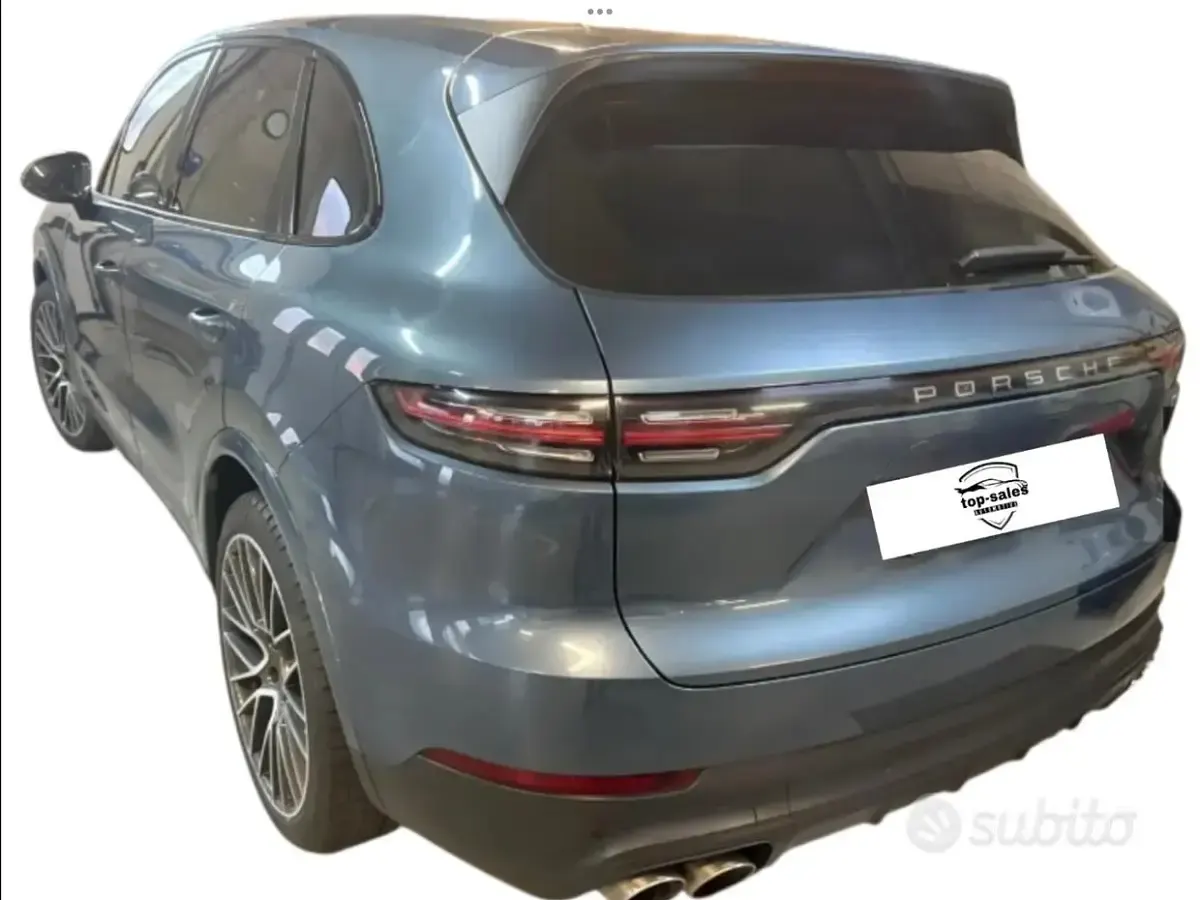Usata Porsche Cayenne 441 CV (324 kW) 2018 Blu SUV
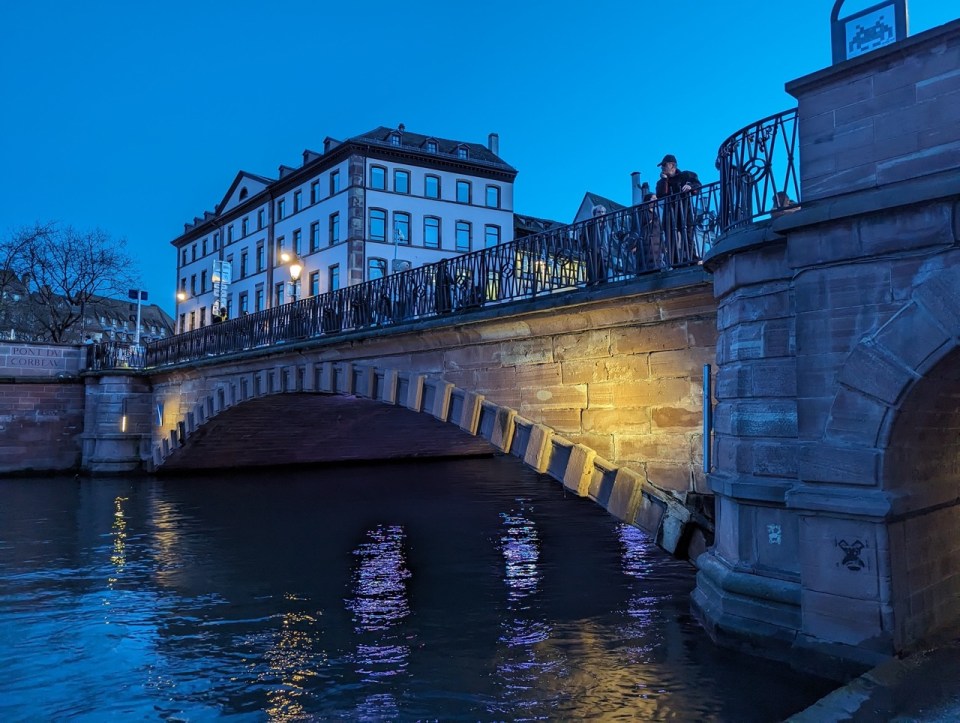Strasbourg de nuit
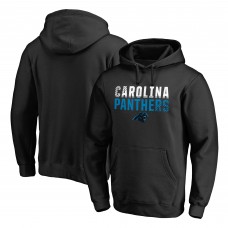 Толстовка Carolina Panthers Black Iconic Collection Fade Out
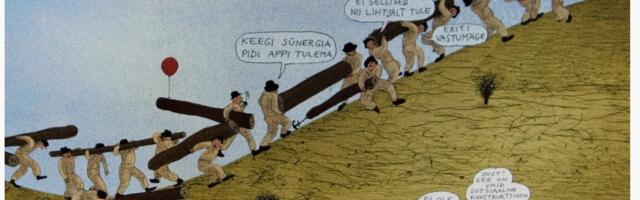 Kui suur osa eestimaalasi arvab, et nad on eestlased?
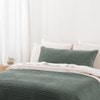 Velvet Spruce Lumbar Cushion - Velluto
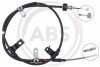 A.B.S. K17506 - Seilzug, Feststellbremse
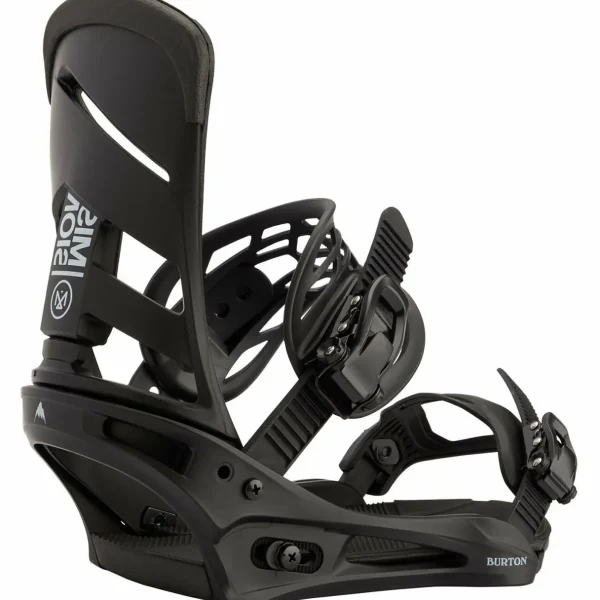 Burton Ripcord Snowboard + Mission Snowboard Bindings 2025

-----

[ACTIVITY] Set down all the material exactly once more. No pictures.

[OUTPUT]
Usata Porsche Cayenne 441 CV (324 kW) 2018 Blu SUV
Strasbourg de nuit
 Толстовка Carolina Panthers Black Iconic Collection Fade Out
 Kui suur osa eestimaalasi arvab, et nad on eestlased?
 Velvet Spruce Lumbar Cushion - Velluto
 A.B.S. K17506 - Seilzug, Feststellbremse
 Burton Ripcord Snowboard + Mission Snowboard Bindings 2025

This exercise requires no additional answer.